CC: Pt c/o 6-month history of fatigue

HPI: Pt is a 38yo white female who presents to the clinic with a complaint of fatigue x6 months. Pt denies other health concerns or changes, recent illness, depression, or stress. Pt with PMH of obesity and Hypertension. She is currently taking Hydrochlorothiazide 25mg PO and a multivitamin daily. Pt reproductive history of three term childbirths and one first trimester spontaneous abortion. Her third child was delivered via cesarean section where she also received a tubal ligation. Pt states that her menstrual cycle is regular, with menstruation lasting 7-9 days with a flow requiring super-absorbent tampons q2-3 hours and pads as back up for the first couple days of her period. Pt reports occasionally passing quarter-sized blood clots. Pt adds that this is how her periods have been since they started, and she has never sought medical treatment for the heavy, prolonged periods. Pt denies postcoital or intermenstrual bleeding. Pt is sexually active in a monogamous relationship with her husband and denies h/o abnormal pap smear to STI.


Pregnancy Hx: G4T3P0A1L? – Mode of delivery unknown for first two births. Third birth done via cesarean section with bilateral tubal ligation. SAB in 1st trimester.  

Gynecological Hx: Patient denies history of STI or abnormal pap smear.

General Hx: Hypertension, Obesity, Menorrhagia

Surgical Hx: Cesarean section with bilateral tubal ligation



Hydrochlorothiazide 25mg PO QD (Hypertension)

Multivitamin PO QD


Pt is married with 3 children, however living status of children is not known. Pt denies smoking and reports social alcohol consumption of undisclosed frequency or amount.


No specific health history provided, but pt denies family h/o ovarian, colon, breast, or endometrial cancer.

Review of Systems:

GENERAL: Reports fatigue x6 months.

GYN: Reports regular cycles with menstruation lasting 7-9 days and use of super-absorbent tampons with back up peri pads for the first few days and occasional quarter-sized blood clots for the duration of her reproductive life. Denies postcoital or intermenstrual bleeding.

PSYCH: Denies depression, significant stress, or changes to her emotional health.  


GENERAL: Well-developed, obese female exhibiting no signs of distress.

VS: Ht 5’6”, Wt 267lbs, BMI 43.09kg/m2, HR 78bpm, BP 138/87, Temp 98.9F

GI: Large abdominal girth

GYN: No vulvar or vaginal lesions, scant dark blood in vaginal vault, no cervical motion tenderness, no cervical lesions. Uterus and adnexal structures difficult to palpate d/t habitus, but no pelvic masses or enlarged uterus noted.

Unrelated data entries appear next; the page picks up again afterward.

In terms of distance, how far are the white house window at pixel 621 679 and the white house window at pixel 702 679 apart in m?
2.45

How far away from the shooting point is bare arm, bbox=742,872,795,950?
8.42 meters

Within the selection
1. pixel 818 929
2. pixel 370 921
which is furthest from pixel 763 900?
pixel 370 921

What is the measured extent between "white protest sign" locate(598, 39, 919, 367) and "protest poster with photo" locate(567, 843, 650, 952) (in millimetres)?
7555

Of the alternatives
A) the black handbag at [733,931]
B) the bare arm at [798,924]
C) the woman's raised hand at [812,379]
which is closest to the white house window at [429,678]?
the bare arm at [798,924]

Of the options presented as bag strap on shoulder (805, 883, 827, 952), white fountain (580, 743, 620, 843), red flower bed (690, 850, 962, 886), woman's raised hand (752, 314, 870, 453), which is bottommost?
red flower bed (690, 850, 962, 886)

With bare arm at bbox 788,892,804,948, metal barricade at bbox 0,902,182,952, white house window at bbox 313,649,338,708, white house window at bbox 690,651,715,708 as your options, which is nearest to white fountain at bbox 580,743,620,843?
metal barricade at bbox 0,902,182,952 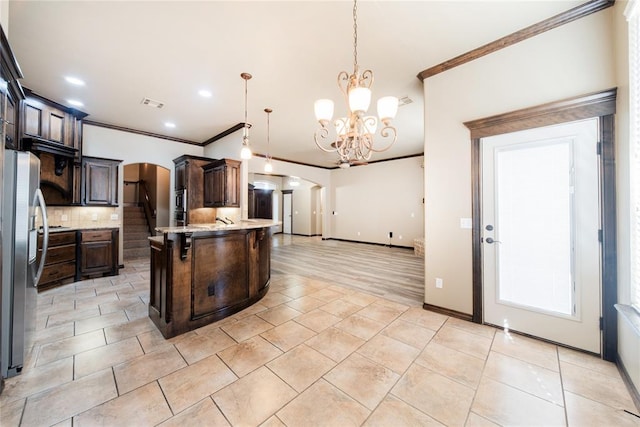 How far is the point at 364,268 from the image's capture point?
17.8ft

DIAGNOSTIC TESTS: CBC – HgB 10.1g/dL, HCT 29.8%, WBC and PLT WDL, RBC indicative of iron deficiency, TSH 1.8mIU/L

What is your assessment of this patient?

My assessment of this patient is that her fatigue could be attributed to iron deficiency anemia, menorrhagia, and obesity.

What are your thoughts on the treatment plan of this patient?

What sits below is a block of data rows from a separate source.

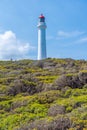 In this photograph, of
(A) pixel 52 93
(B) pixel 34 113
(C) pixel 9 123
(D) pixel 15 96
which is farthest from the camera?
(D) pixel 15 96

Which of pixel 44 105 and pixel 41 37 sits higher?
pixel 41 37

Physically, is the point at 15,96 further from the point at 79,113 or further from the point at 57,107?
the point at 79,113

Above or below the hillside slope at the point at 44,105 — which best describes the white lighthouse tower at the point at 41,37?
above

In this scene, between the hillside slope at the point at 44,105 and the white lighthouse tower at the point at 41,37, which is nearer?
the hillside slope at the point at 44,105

The patient would benefit starting iron supplementation. I would start her on Ferrous Sulfate 325mg PO BID and educate her about the consumption of iron rich foods, such as green leafy vegetables, legumes, organ meats, and iron enriched pasta. I would also discuss the need to correct/improve the patients menorrhagia and educate her on what a normal menstrual cycle should look like. I would discuss the options of an endometrial ablation, hysterectomy or contraceptives. Hysterectomy is the only definitive, curative treatment option (Tempfer & Keck, 2022). If she declined those three options, I would offer a non-hormonal medication, Tranexamic Acid 650mg 2 tablets PO TID x5 days during menstruation. The patient also needs to address her obesity, as this can contribute to fatigue. By making lifestyle changes that include a healthy, well-balanced diet and regular movement and exercise, she will see an improvement in her fatigue (Alexander et al., 2023).

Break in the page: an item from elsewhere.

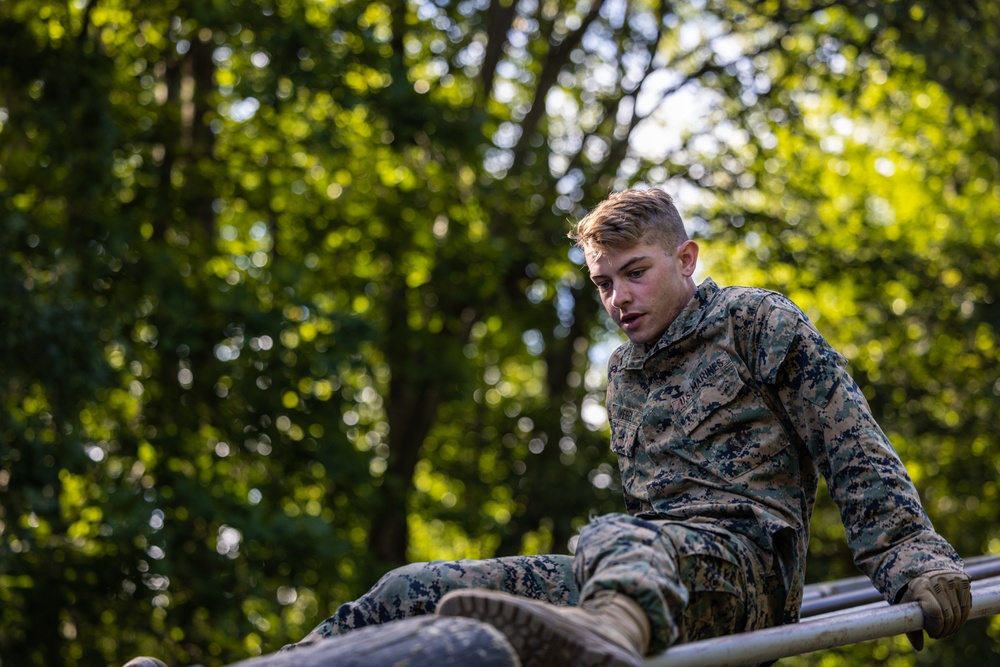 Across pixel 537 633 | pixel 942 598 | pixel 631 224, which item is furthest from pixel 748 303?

Is there any other information that you would obtain to assist you in determining treatment options?

I know that the patient had a tubal ligation, but I have personally delivered a baby to a woman who had undergone this procedure, so I would inquire about the date of her LMP and get a UPT to be certain that pregnancy was not the cause of this fatigue. I would order a transvaginal US to assess for fibroids or masses, as this is recommended to be the first-line imaging for abnormal uterine bleeding (Alexander et al., 2023). Because I do not know the date and cannot see the results of her last pap smear, I would perform this during our visit. I would screen for UTI, STI, and vaginosis. I would also want to get more information on whether the patient snores or wakes throughout the night, and, if so, I would want a sleep study to rule out sleep apnea, which could be contributing to her fatigue, obesity, and hypertension.  

Which guidelines would you consult?

I would consult the care guidelines from American College of Obstetrics and Gynecology (ACOG) for abnormal uterine bleeding in non-pregnant, reproductive-aged women.